Failure Backoff Policy
Sometimes, servers can fail to start workers as directed by the dispatcher. In these cases, they often become the least-loaded server. Consequently, the Simple Server Selection Provider may try to assign all new workers to that server.
To prevent this, a backoff policy is available. This policy avoids immediately assigning workers to a server that recently failed to start a worker due to a non-script related issue. Before assigning another worker to that server, the selection provider ensures that each of the other servers has had a worker assigned to them successfully. The backoff policy state is cleared as soon as a worker is successfully assigned.

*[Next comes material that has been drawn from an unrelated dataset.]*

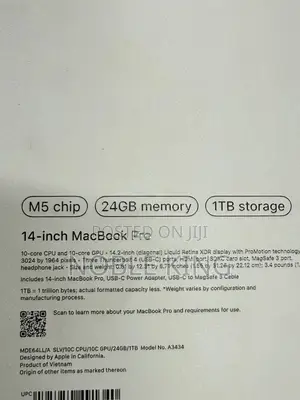New Laptop Apple MacBook Pro 2025 M5 24GB Apple M5 SSD 1T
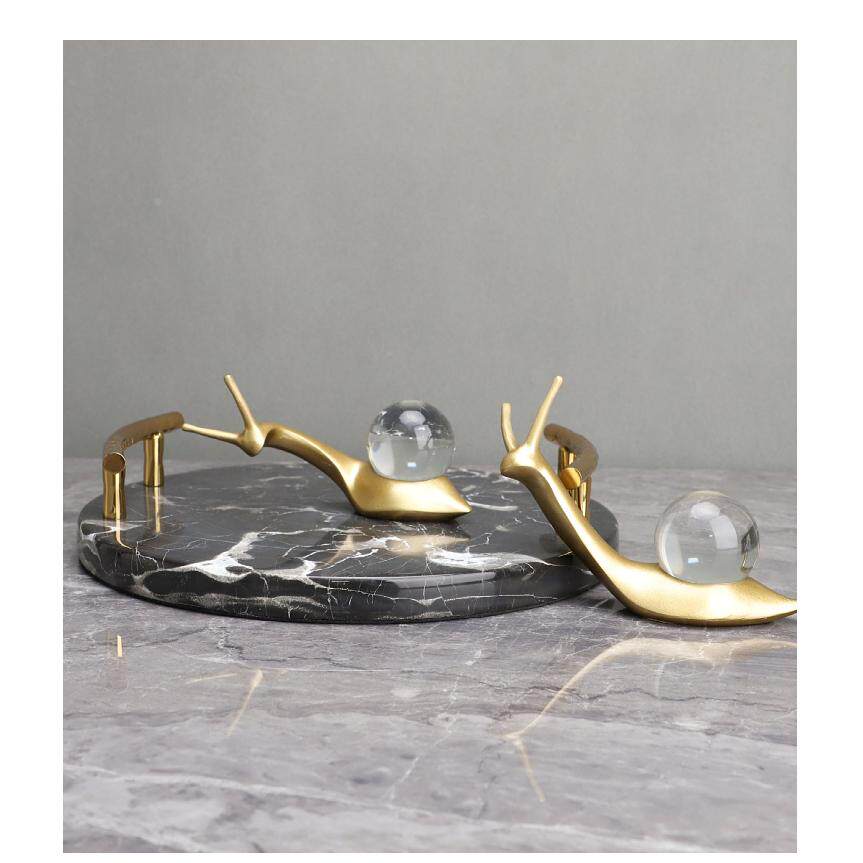 新中式创意蜗牛大理石托盘摆件卧室客厅样板房电视柜书房家居饰品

This backoff policy prevents the Simple Server Selection Provider algorithm from repeatedly assigning workers to a server that cannot start them. It also periodically attempts to assign workers to handle transient failures or misconfigured queries. The backoff policy is configured using the following property:
SimpleServerSelectionProvider.FailureBackoffPolicy=ALL_OTHERS_AFTER_ACQUISITION_FAILURE
The default (and only other valid value) for this property is NONE
.
Reload the controller configuration
While the server selection provider type cannot be dynamically reloaded (i.e., you can't dynamically change the PersistentQueryController.ServerSelectionProvider
property), the properties used by the SimpleServerSelectionProvider
are reloadable. Providers should automatically adjust to any changes in the controller server when dynamically reloaded using the controller tool's reload capability. For example, a newly added server should become available to the algorithm as soon as it is running. Additionally, new groups and changes to the servers allowed within a class are updated when the controller reloads its configuration.